Going to a strip club can be torture, sure, but going to the gym is way worse. At least when you’re at a strip club you can convince yourself not to fall in love because you wouldn’t want to date a stripper anyway. But at a gym you’re surrounded for the most part by limber, shapely women who live nearby that you already have something in common with. Asking out a girl at the gym could actually lead to something. Asking a stripper out just gets the bouncer called over and a text message sent to her mother back in Russia.

To make matters worse the gym girls also bend their bodies into all sorts of confusing and desirable positions. And just in case one image and angle of her body isn’t enough the gym has conveniently installed 600 mirrors to thoroughly challenge and overwhelm your self restraint.

There’s nothing worse than getting busted checking out a girl through a complicated sequence of mirror angles. You think you’ve got them down so she can’t see you but guess what your perversion is still detectable through three triangulated mirror angles. Front mirror to side mirror to back mirror—“Yep, I see your eyes sweaty man.”

I always like laying down in the mat area set aside for ab workouts. Because that’s really the only place in polite society where you can spot a woman lying down and walk over, spread out a towel, and lie down next to her. Laying down the towel sends her a subtle but clear message that you’re willing to clean up afterward if things get out of hand. That never works at a mattress store or inside her studio apartment. I’m officially adding “laying down a towel on the floor” to the erotic behavior handbook.

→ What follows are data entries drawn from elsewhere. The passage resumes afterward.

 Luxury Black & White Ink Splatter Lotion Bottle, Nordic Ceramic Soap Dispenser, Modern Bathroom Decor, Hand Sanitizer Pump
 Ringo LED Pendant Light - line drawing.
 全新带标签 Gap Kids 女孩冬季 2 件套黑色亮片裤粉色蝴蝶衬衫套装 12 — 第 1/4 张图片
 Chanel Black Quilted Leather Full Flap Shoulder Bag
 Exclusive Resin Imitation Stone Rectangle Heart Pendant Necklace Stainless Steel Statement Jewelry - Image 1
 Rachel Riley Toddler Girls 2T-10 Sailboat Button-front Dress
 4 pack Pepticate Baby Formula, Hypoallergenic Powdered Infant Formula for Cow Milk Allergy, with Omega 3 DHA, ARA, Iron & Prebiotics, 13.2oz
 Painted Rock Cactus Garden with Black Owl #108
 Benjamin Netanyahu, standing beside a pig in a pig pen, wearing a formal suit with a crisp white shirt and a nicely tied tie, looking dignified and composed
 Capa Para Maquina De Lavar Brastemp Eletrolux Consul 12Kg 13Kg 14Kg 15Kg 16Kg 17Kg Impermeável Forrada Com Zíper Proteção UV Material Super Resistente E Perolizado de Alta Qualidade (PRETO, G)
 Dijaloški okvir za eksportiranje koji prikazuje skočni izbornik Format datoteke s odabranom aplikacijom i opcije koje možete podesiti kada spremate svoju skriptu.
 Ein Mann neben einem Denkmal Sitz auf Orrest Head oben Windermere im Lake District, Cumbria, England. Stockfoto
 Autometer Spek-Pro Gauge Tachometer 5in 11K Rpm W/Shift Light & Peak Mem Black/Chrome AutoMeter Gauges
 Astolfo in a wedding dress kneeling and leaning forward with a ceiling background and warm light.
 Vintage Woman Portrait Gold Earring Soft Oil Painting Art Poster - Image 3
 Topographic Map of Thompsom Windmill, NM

Sometimes I wonder if the social barriers we all erect and maintain cause more trouble than comfort. It would be nice to be in a room full of people and have some sort of box pop up above everyone’s heads that explains what you have in common and the likelihood that a friendship or relationship could develop. Which I suppose is the impetus behind online dating. Everyone gets a profile so they can understand more about the other person going into it. But that system hasn’t established a clear path to more effective pairings. So can’t there be some socially normal middle ground? Not the forced calculations of matchmaking services. Rather, a consensus that everyone lets their guard down more in public settings and becomes less averse to interacting. Not the freaks, mind you. The regular people.

I say that but if someone talks to me at the gym I’m not happy about it. The social barriers are there for a reason—so we can get things done and live our lives in peace. In conclusion, hot girls at the gym should strike up conversations with me so that I can channel my leering tendencies into something more productive like complimenting them on still smelling fairly amazing after an hour long workout.